My brother called me from Wisconsin. He lives up there in Chippewa Falls area.

He called a couple days ago and he said that he talked to somebody, that knew something about them filming this 1883. I think it’s called 1883. I think that’s a prequel to Yellowstone. But anyway, whatever it is, it’s the origin story of Yellowstone, I guess. My brother passed along that what the guy told him. “If you get on this website, Casting Works or Casting Line, or something like that, they’re looking for Cowboys to be in a card game.” “I told him that I’m kind of far away to do that one because they’re filming it in Wyoming.”  He doesn’t know a lot about the acting business, but I love him for calling me in and thinking of me because I do still have an agent.

I think my last casting call was, I don’t know, maybe a month and a half ago. I’m still active in it. When you have an agent, they require you to be registered with all these different casting sites: Casting Works, Talent, blah, blah, blah, blah, blah, and you have to be registered, and then you pay annually to become a part of that. But, and I’ve seen the casting call for Yellowstone. I’ve seen the casting calls for, this 1883. Mostly on these sites I see a lot of calls for reality shows. That’s something that people don’t necessarily know, that these reality shows are all cast. And of course, if you ever want to see the reality of a reality show – now they call it an unscripted drama –  in a scene they’ve got three different points of view.

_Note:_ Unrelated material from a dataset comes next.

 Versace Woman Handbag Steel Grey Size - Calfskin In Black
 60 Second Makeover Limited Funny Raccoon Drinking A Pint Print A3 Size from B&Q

For instance, in one set up they’re showing the guy, and another shows only the woman. Watch for  the guy as he’s talking, and then the next, when she talks, the camera angles changes.

Then you have another angle showing both actors. That’s three setups on this, which means they did that same scene three different times to get those three angles on it. How reality is that? 

Those are the things that I see on the casting sites. I saw 1883, and I saw Yellowstone. I don’t think that I could be involved with something like this. I’m just not going to do it. So as this equates to an author, one of the things, which on a previous episode, we talked about, one of the things that I really work at is to create characters that are multifaceted, deeply complex. We don’t go too much into it psychologically, but Carson Brand in my Carson Brand series, he is a guy that’s in his late twenties, early thirties.

He lost his parents when he was very young and it affected him emotionally. He has a lot of hang-ups  but the thing is he’s also a very likable guy. You like to have a little salt with our sugar whenever we’re making a cake. The salt tends to enhance the sweetness of whatever we eat sweets wise. The same thing with your heroes. You want to have a little bit of a dark side. You want to have some flaws so that we can go, oh man, I wouldn’t have made that decision, but we still love him. Let’s hope he gets through it. Okay. The other thing is we want to make sure that it has a plot and it’s relevant, Enough that somebody might actually say, this is something that interests me. 

Sub-plot, and we talked about this. In other words, subplot is key. This is the webbing that makes up who we are. for instance, I mentioned this before, I’ll just repeat it quickly. In Stolen Valor, Brand is a little insecure, and he has this really hot girlfriend. He is concerned that she is cheating on him. You’ll just have to read the book to find out if she is or not, but this is something that really bothered him and it affected the way he treated her and the way that he talked to her and, as a reader, we go  you being such a butthole She doesn’t seem to be doing anything wrong. So, I mean, these are the things that you have to have. So when I watch a show like Yellowstone, I tend to think, this is some lazy writing.

They’re really counting on the filming and the interesting people, you know, those featured extras, and of course, Kevin Costner, who’s just above reproach of anything he does. As a writer, I don’t have those things to carry me through. So as a writer, I have to make the writing important, make the story important, make the characters important. So that’s from a former cowboy – his take on Yellowstone. I appreciate you putting up with it, for those of you who have not already turned it off . I really appreciate you sticking with the streaming. Anyway, I will have another one for you a little while. Thanks a lot. Talk to you later.